RavA-ADP hexamer structure (A, Top) Characteristic class averages of the negatively stained RavA-ADP hexamer; (Bottom) projections of the final 3D reconstruction at similar orientations. (B) Top and side views of the EM 3D reconstruction of the RavA-ADP hexamer. An atomic model of RavA hexamer was generated from the X-ray structure of the RavA protomer by docking into the EM envelope of the hexamer and comparison with the X-ray structure of the HslU hexamer (PDB ID code 1DO0). (C) Ribbon representation of RavA AAA+ module (Left) and HslU AAA+ module (Right, PDB ID code 1DO0). Different subdomains are colored as in Fig. 1 and conserved motifs are shown; the Sensor 2 motif is colored in dark blue and the nucleotide is shown in violet. The I-domain of HslU has been omitted for clarity. (D, Left) Schematic representation of RavA AAA+ domain from the hexameric model viewed along the sixfold axis. (Right) X-ray structure of HslU hexamer AAA+ domain. For each structure, the αβα and all-α subdomains of one protomer are colored in brown and wheat, respectively.

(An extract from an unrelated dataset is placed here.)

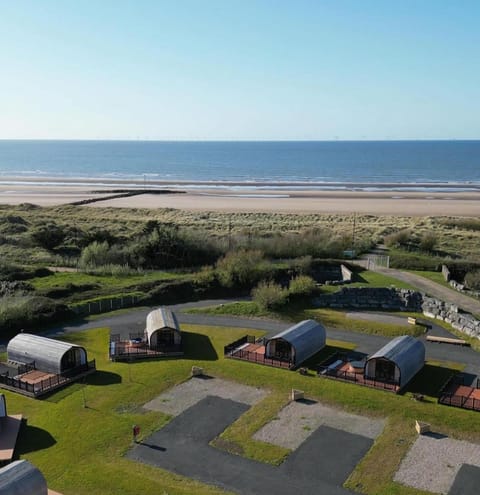 Ffrith Park hotel pods Campo de acampamento/
Resort para trailers in Prestatyn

The other protomers are colored in light and dark gray for the αβα and all-α subdomains, respectively. (E) Space-filling and ribbon models of a representative dimer of each hexamer in D. Nucleotide is shown in violet, whereas the blue circle indicates the location of the Sensor 2 motif.

Fig. 3.

The LARA domain mediates RavA-LdcI and RavA-RavA interactions. (A) Fit of the RavA hexameric model and LdcI decamer into the EM envelope of the LdcI-RavA complex (12) viewed from the side (Left) and the top (Right). One LdcI dimer is colored in red (the upper monomer) and green (the lower monomer). ppGpp bound to LdcI is drawn as blue spheres. (B) Biacore sensorgrams and equilibrium binding curves showing the interaction between LdcI (on chip) and WT RavA in the absence of nucleotide (Left), or WT RavA in the presence of ATP (Middle), or the LARA domain (Right). (C) Biacore sensorgram showing the lack of interaction between LdcI (on chip) and RavAΔLARA at 15 μM. (D) Biacore sensorgrams and equilibrium binding curves showing the interaction between WT RavA and LARA domain (Left) and the very weak interaction between RavAΔLARA and LARA domain (Right).

Fig. 4.

RavA binding to LdcI antagonizes the inhibitory effect of ppGpp on LdcI activity. (A) The ATPase activity of RavA measured by ITC in the presence of different nucleotides. Error bars represent the standard deviation of the average of three experiments. (B) LdcI activity measured by ITC in the presence of RavA or RavAΔLARA and/or ppGpp. Note that the concentrations of proteins, substrate, and inhibitor are the final concentrations after mixing. In this panel, the RavA-LdcI complex is preformed in the syringe before adding ppGpp. (C) LdcI activity measured by ITC. In this experiment, LdcI-ppGpp complex is preformed in the well before adding RavA. (D) The effect of RavA overexpression on LdcI activity in the cell. ΔcadBA knockout strains and WT cells overexpressing RavA, RavAΔLARA, or RavA(K52Q) were grown to log phase in defined rich media buffered at pH 5. RavA, RavAΔLARA, or RavA(K52Q) were induced and cells were then shifted to minimal media weakly buffered at pH 5 containing no amino acids to induce ppGpp production and supplemented with 30 mM lysine. The OD₆₀₀ of the cells is shown (Top); the pH of the culture media is shown (Bottom Left). (Bottom Right) The increase in pH/OD₆₀₀ normalized to the value at 0+ (right after shift). Each time point is the result of at least three replicates. Error bars represent the standard deviations of the measurements.